CSS Grid Gap Between Cards

.card-grid {
  display: grid;
  grid-template-columns: repeat(auto-fill, minmax(250px, 1fr));
  gap: 30px;
}

This layout is ideal for responsive card displays, with consistent spacing on all screen sizes.

Using Column Gap CSS in Multicol Layouts

.columns {
  column-count: 3;
  column-gap: 40px;
}

This sets spacing between columns in a text or image layout that uses column-count.

Creating a Two-Value Gap

.grid-layout {
  display: grid;
  gap: 10px 20px; /* 10px between rows, 20px between columns */
}

Perfect when your layout needs different spacing in each direction.

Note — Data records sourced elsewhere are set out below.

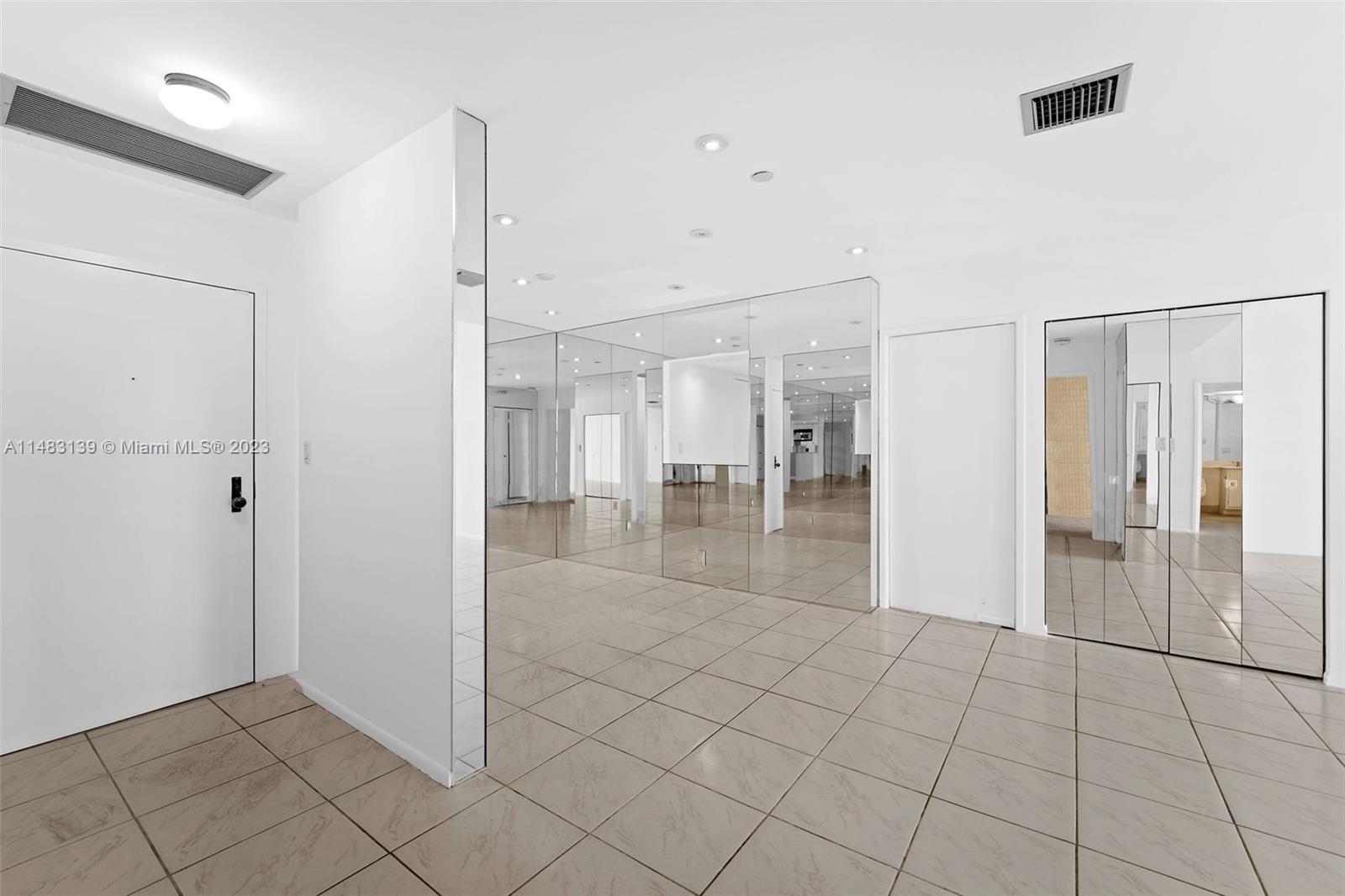 151 Crandon Boulevard, Unit 422 Key Biscayne, FL 33149 - Photo 13 of 38 a view of entryway with white walls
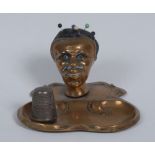 An Art Nouveau brass novelty pin cushion and thimble stand, as the head of a black woman,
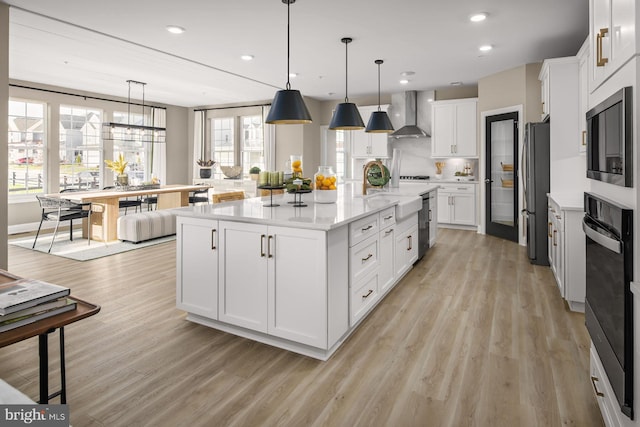 kitchen featuring white cabinetry, wall chimney exhaust hood, hanging light fixtures, stainless steel appliances, and a kitchen island with sink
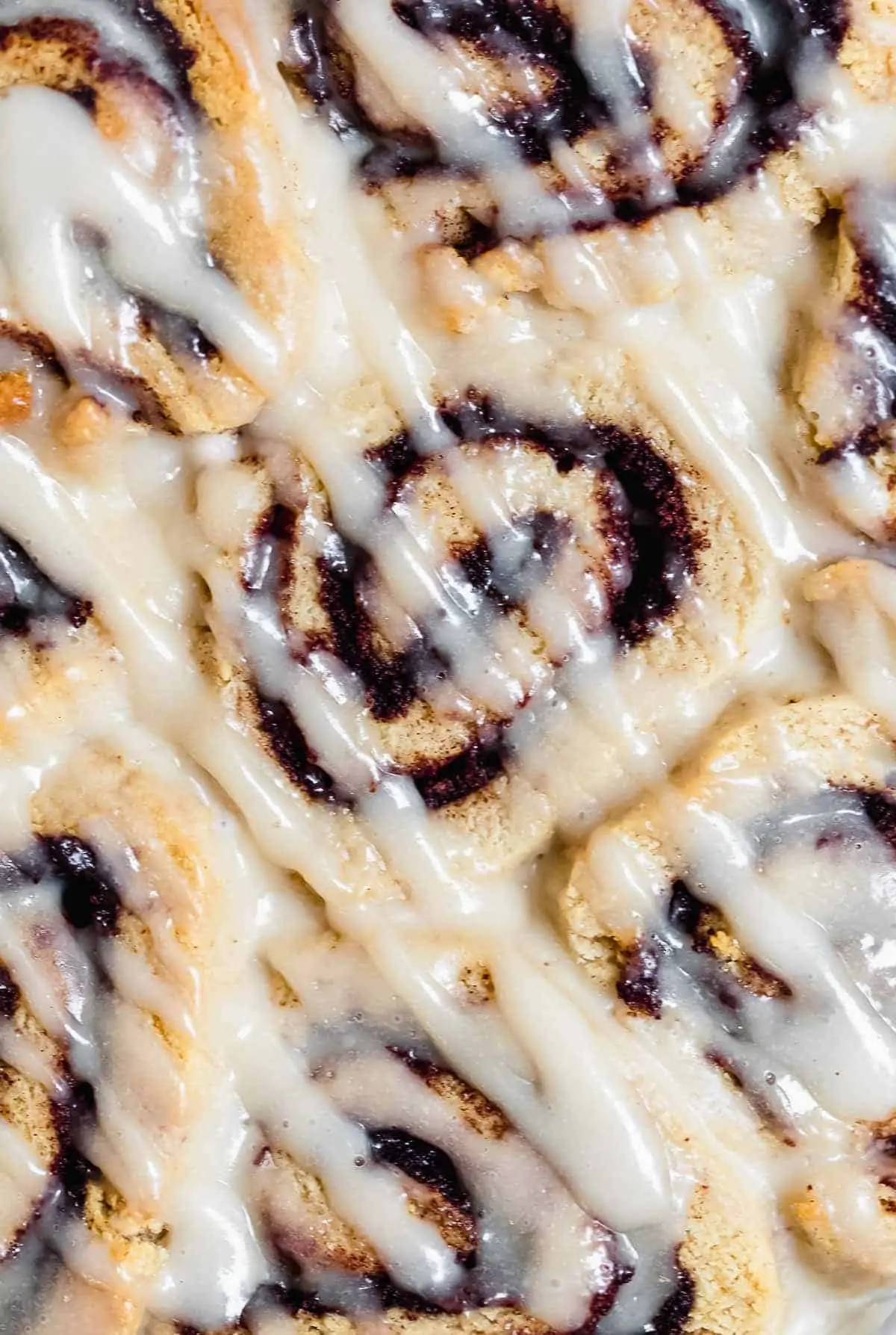 Up close image of cinnamon rolls to show gooey texture.
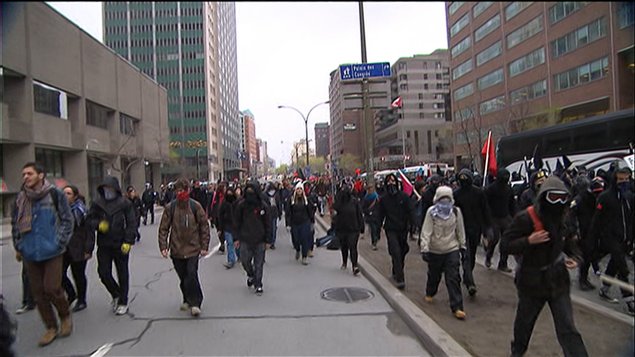 Des manifestants participant à la marche de la CLAC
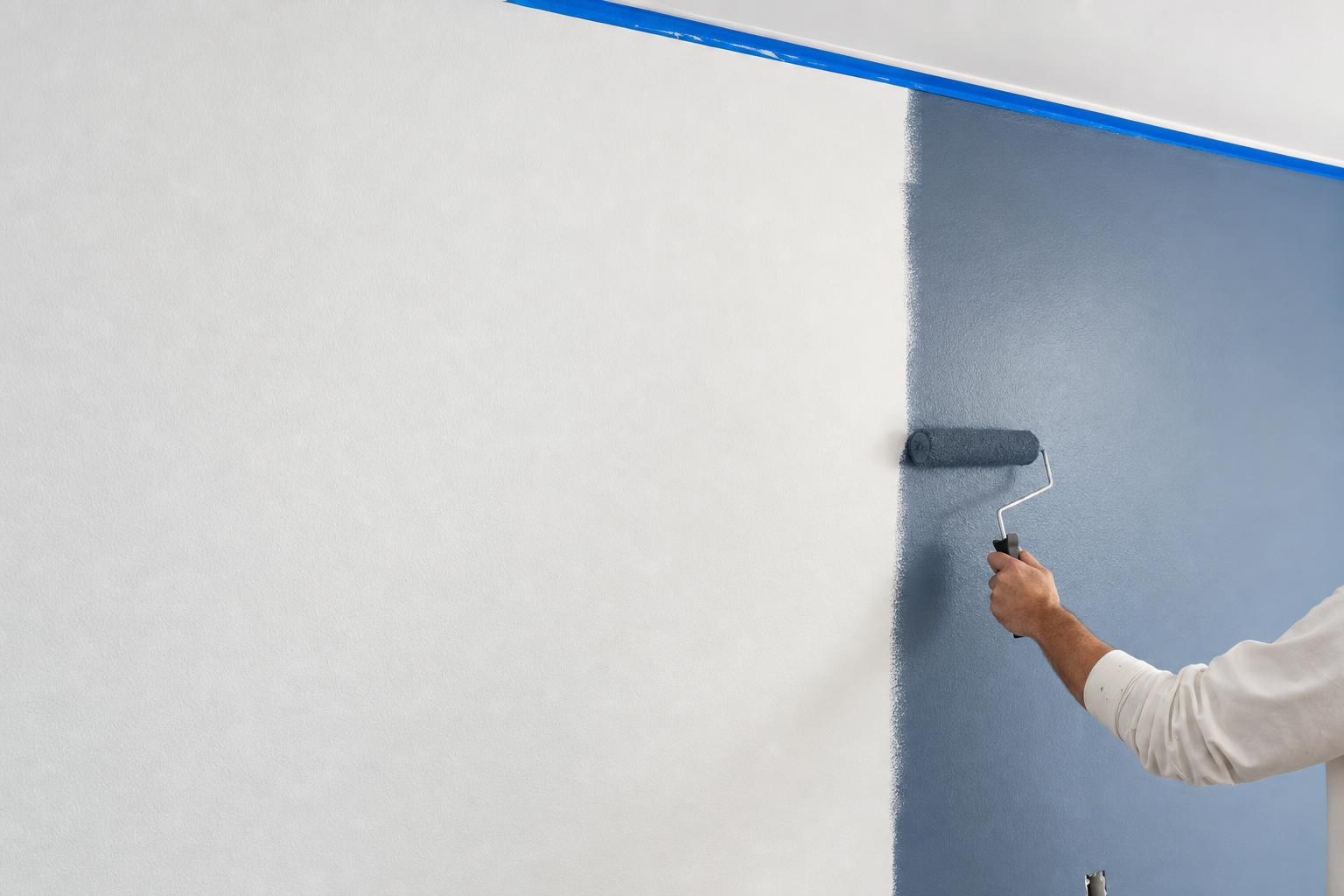 A painter on a ladder cutting in exterior trim on a bright morning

Learn More About the CSS Gap Property

CSS Flex Gap vs Margins

Before gap was supported in flexbox, developers relied on margins to create spacing:

.item + .item {
  margin-left: 16px;
}

This approach worked but had downsides: you needed extra selectors, it didn’t handle vertical flex layouts well, and removing spacing from the last item was messy.

With css flex gap, you can apply clean spacing that adapts to layout changes:

.flex-list {
  display: flex;
  gap: 16px;
}

This works even when you switch from a horizontal to vertical layout.

CSS Grid Gap and Legacy Syntax

The old grid-row-gap and grid-column-gap properties are still valid but are now shorthand as gap. Instead of this:

.container {
  grid-row-gap: 10px;
  grid-column-gap: 20px;
}

You can use:

.container {
  gap: 10px 20px;
}

It’s more readable and covers both row and column gaps in one line.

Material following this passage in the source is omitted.